David turned out to be so favored by God because he was a man after God’s heart, “who will do all My will” (Acts 13:22). The heart is the place where man’s value judgements are determined, where his priorities are decided. Jesus said, “For where your treasure is, there your heart will be also” (Luke 12:34). The problem that man has is that his heart is “desperately wicked” in its unregenerate form and needs the work of a righteous God to test his heart and mind (Psalm 7:9). With all the corruption that one faces living in a fallen world and under the influences of fallen angel (Satan), man needs the spiritual guidance of the Lord of Righteousness. A conscious decision of the heart to recognize the authority of God and His Word and a willingness to obey puts the believer in line to receive the best of His bounty.
A Spiritual Man
For he is not a Jew who is one outwardly, nor is circumcision that which is outward in the flesh.

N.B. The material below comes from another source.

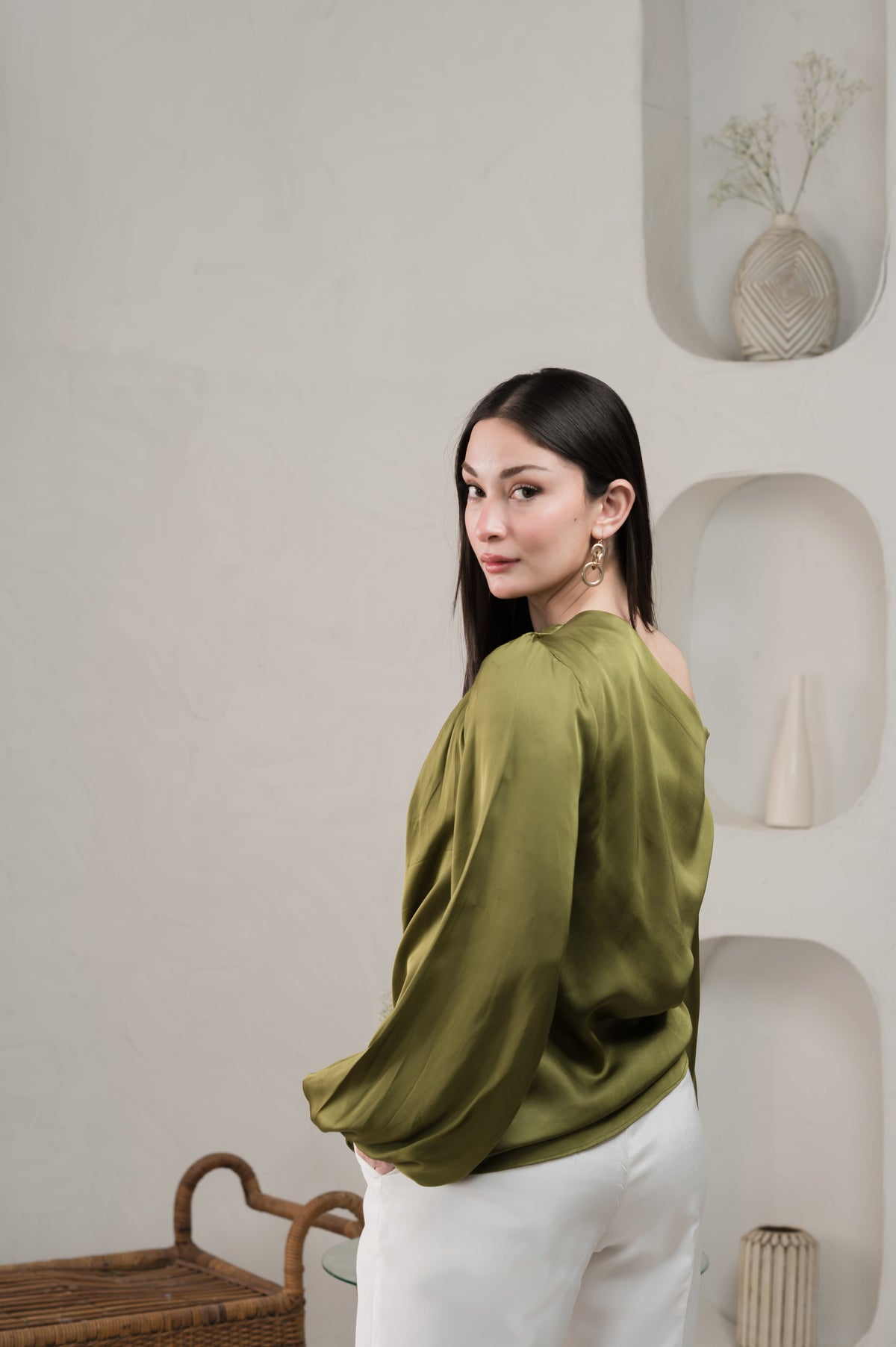 Twilight Silk green off-shoulder silk shirt - Timeless by Waliya Noor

But he is a Jew who is one inwardly; and circumcision is that which is of the heart, by the Spirit, not by the letter; and his praise is not from men, but from God. Romans 2:28-29
When the heart is open to God, man invites Him in to accomplish what the man is not capable of doing. The spiritual man, whether Jew or Christian has allowed the Holy Spirit to circumcise his heart, a removal of excess skin that is symbolic of eliminating the excesses of life that only produce a compromised relationship with Him. These excesses may take on the form of too much of this or too many of that; to be filled with the Spirit is to be free of excesses (Ephesians 5:18). The son became a prodigal when he left his home of order and moderation for loose living.

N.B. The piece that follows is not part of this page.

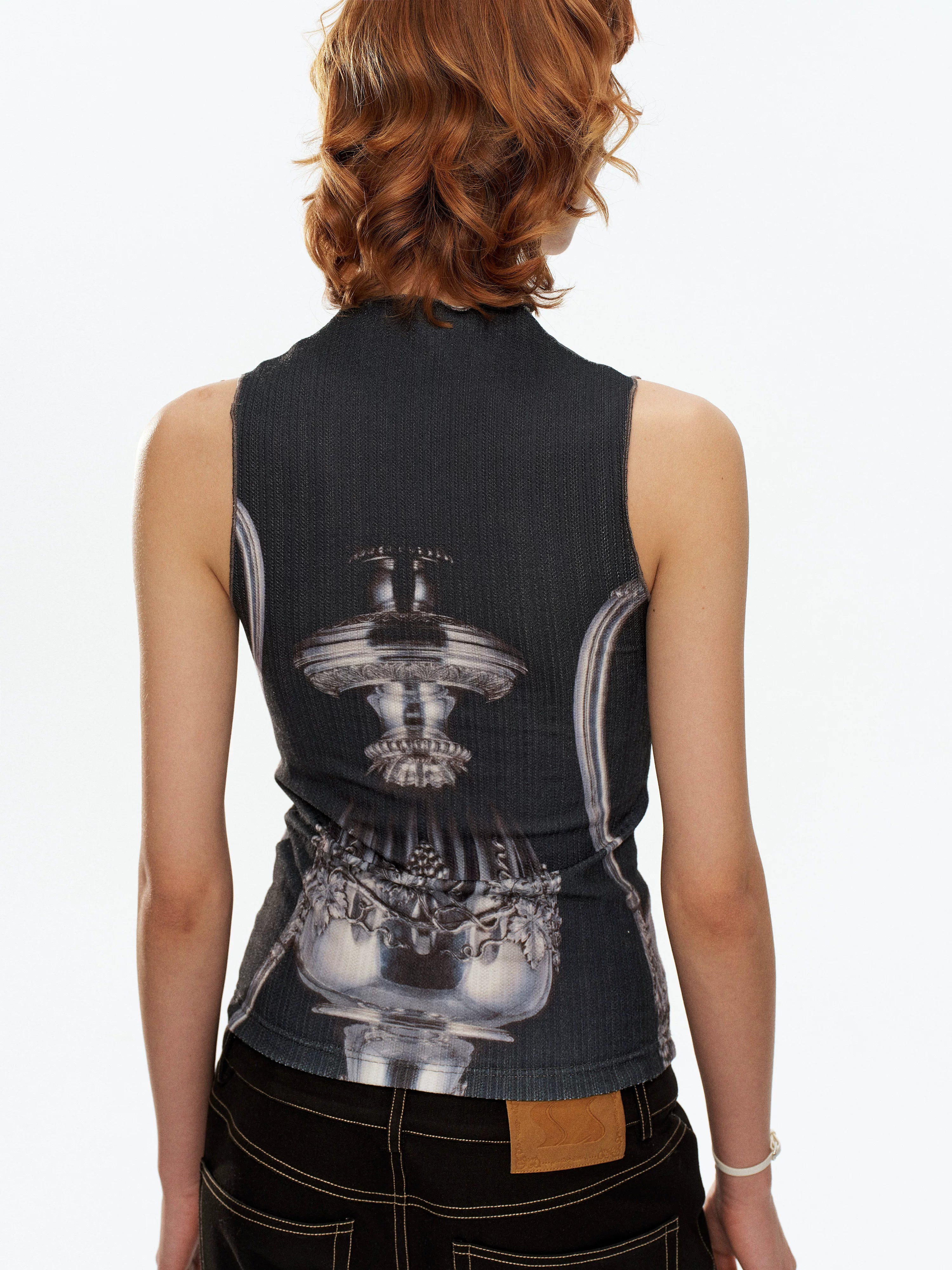 YOSHUYUKI Silver Wine Bottle Print Panel H Silhouette Women&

Walking by the Spirit and not the letter (i.e.. living under rules and regulations without the heart behind them) defines the one who is pleasing God and not man. Paul says in Philippians 3:3 that the true circumcision are those who “worship in the Spirit of God and glory in Christ Jesus and put no confidence in the flesh”.
The power of sin
The heart is also the place where the believer gains victory over the power of sin. The writer of Psalm 119 understood this well when he wrote verse 11, “Your word I have treasured in my heart, that I may not sin against You.” The believer wrestles with the power of the sin nature; the Word of God, treasured (placed in high esteem) in the heart provides the avenue to victory. Paul explains in 2Timothy 3:16 that, “All Scripture is inspired by God and profitable for teaching, for reproof, for correction, for training in righteousness.” The authority of God’s Word delivers the believer from all his carnal battles. In Psalm 24, King David asks the questions, “Who may ascend into the hill of the Lord? And who may stand in His holy place?” He is asking who has conquered his own fallenness. His answer in verse 4 is, “He who has clean hands and a pure heart, who has not lifted up his soul to falsehood and has not sworn deceitfully.” Since his heart is continuously under the authority of the Word of God, David is consistently being convicted to let that authority deliver David’s heart.
It’s time to risk it all
What God wants from His people is an honest, transparent relationship in which there are no secrets. Jesus declared in the Sermon on the Mount, “Blessed are the pure in heart, for they shall see God”. This purity of heart includes the sense not only of clean, but also genuine, real, not phony or hypocritical. The one who approaches God on the basis of transparency is the one who trusts God to his own hurt; he is risking it all. But isn’t that exactly what God asks of the one whom He invites into His sanctuary. Placing one’s confidence completely in the Person and work of Jesus Christ is to deny that any reliance on personal ability or performance makes any difference with God. David understood this reality when he said in Psalm 27:4, “One thing I have asked from the Lord, that I shall seek: that I may dwell in the house of the Lord all the days of my life, to behold the beauty of the Lord and to meditate in His temple.”
God is looking for anyone willing to make that kind of commitment to Him. In fact, in 2Chronicles 16:9, “For the eyes of the Lord move to and fro throughout the earth that He may strongly support those whose heart is completely His”. This kind of relationship with Him requires the whole heart, not holding back out of fear or feelings of unworthiness. The measure of a godly man is in his confidence in Who God is and what He has accomplished to man’s benefit.